# Using Cerebral Cortex with Machine Learning Tools

Scenario: 

Based on this kaggle competitions and example: https://www.kaggle.com/morrisb/what-does-your-smartphone-know-about-you

**Reference:**
Davide Anguita, Alessandro Ghio, Luca Oneto, Xavier Parra and Jorge L. Reyes-Ortiz. _A Public Domain Dataset for Human Activity Recognition Using Smartphones_. 21st European Symposium on Artificial Neural Networks, Computational Intelligence and Machine Learning, ESANN 2013. Bruges, Belgium 24-26 April 2013.

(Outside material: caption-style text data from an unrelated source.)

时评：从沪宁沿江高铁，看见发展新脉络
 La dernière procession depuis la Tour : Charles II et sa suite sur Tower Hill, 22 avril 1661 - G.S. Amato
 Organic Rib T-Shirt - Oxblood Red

## Initialize Cerebral Cortex

In [None]:
%reload_ext autoreload
from util.dependencies import *
CC = Kernel("/home/md2k/cc_conf/")

import pandas as pd
pd.options.display.max_rows=20
import numpy as np

# To build models
from sklearn.preprocessing import StandardScaler, LabelEncoder
from sklearn.model_selection import train_test_split
from sklearn.metrics import accuracy_score
from sklearn.decomposition import PCA
from sklearn.manifold import TSNE

# To gbm light
from lightgbm import LGBMClassifier

## Load and combine data from files

In [None]:
train_df = pd.read_csv('ml_data/train.csv')
test_df = pd.read_csv('ml_data/test.csv')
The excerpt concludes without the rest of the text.